Competition: Even though there are just a few players in the market, like Warner Bros, Walt Disney, etc. many competitors of Games Workshop, has the financial ability to invest into earning a bigger share of mind among the target customers of Games Workshop. This makes it difficult for Games Workshop to lock in new customers.
Overall, Games Workshop enjoys a deep moat due to the sticky nature of its business, and therefore enjoys pricing power. This can be seen clearly in their unit economics, and overall margins (more on it below).
Financials
Games Workshop runs a very clean & conservative balance sheet. Given their extremely strong moat and simple product, it doesn’t require much resources or employees to produce their products and services. And therefore, it enjoys a very high Return on Invested capital (ROIC) of over 40% for the past several years, while having almost non-existent debt.
Most of its current revenue comes from selling starter kits, miniatures and magazines via their retail stores & trade-partners. As of 2023, they have 526 directly owned retail stores and 6500 trade partners.
Management
Capital Allocation:
Generally, with business operations that has high margins and low-capital requirements, management of many companies kill the business by taking too much action to use the capital by buying other businesses (acquisitions), over-hiring and over spending (a few companies in silicon valley that are not profitable own charter planes for management; can you believe it?).
However, this management seems to get it right. They realize that there isn’t much room to invest back the cash they generate into the company and the probability of getting other acquisitions right is really low. Therefore, they try to return any cash after keeping 3 months of working-capital and 6 months of expected tax payments aside as dividends. And the best part is that unlike other management who don’t like to cut dividends when they need cash to invest in this business, the management of games workshop doesn’t hesitate in doing so.
Communication:
Their annual reports as one of the best in the business. Unlike most in the public-markets, their reports are extremely simple to understand and transparent. (For anyone who is new to investing and has started reading annual reports, this is what an annual report should look like)
Overall the management seems to have conservative, long term and high quality approach towards capital allocation & business operations.
Valuation
As of 2024, the company is available for ~$3.2B ($125 dollars per share) at the P/E ratio ~23. And by using the following assumptions for the DCF model:
– 10% annual revenue growth that gradually slows down due to base-effect.

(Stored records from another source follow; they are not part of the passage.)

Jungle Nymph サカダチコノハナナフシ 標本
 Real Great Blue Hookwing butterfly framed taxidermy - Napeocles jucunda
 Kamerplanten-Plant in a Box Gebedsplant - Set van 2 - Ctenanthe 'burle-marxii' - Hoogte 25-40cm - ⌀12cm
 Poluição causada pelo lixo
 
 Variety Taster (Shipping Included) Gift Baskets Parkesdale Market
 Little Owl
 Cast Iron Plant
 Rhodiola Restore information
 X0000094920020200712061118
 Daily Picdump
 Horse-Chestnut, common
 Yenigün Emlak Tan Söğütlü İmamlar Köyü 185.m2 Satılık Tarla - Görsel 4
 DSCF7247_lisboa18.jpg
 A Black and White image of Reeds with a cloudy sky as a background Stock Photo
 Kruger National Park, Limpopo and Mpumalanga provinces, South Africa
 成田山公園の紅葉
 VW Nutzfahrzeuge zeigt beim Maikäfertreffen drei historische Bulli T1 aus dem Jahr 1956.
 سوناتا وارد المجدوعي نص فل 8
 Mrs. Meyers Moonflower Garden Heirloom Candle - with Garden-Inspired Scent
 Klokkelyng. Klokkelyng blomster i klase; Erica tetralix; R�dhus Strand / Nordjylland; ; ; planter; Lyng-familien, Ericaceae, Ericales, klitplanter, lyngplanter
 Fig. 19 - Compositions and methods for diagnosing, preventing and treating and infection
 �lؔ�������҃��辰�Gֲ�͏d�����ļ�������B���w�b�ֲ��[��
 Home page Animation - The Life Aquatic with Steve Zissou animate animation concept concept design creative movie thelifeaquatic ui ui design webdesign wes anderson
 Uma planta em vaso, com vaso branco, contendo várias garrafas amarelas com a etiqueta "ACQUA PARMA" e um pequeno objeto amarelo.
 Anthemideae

– 35% operating margin assuming increasing personnel & technology costs.
– ROE of 40% , compared to over 45% in the last decade
– 10% cost of capital
– 5% terminal rate of return at the end of 10 year period. I have used a higher terminal rate of return because with such deep moat because I believe it will enjoy a higher growth rate than market’s.
The intrinsic value of Games Workshop comes to around $3.5B. Therefore, the current price offers of margin-of-safety of just 10%. Currently, it seems to be fairly valued (more or less) as per the facts that we see right now. If the management is able to grow over our assumed growth rates, the intrinsic value of the company might expand, and my current analysis might look foolish.
Conclusion
This business seems to have it all. A proven track record, deep-wide moat due to its brand-value & stickiness, honest, and conservative management, and lean operations. Currently, the company seems to be doing all things well.
Disclaimer: This is obviously not investment advice (no equity report on this site is). This post is just to share my learnings and observations. If you want to get better at investing, you should do your own research.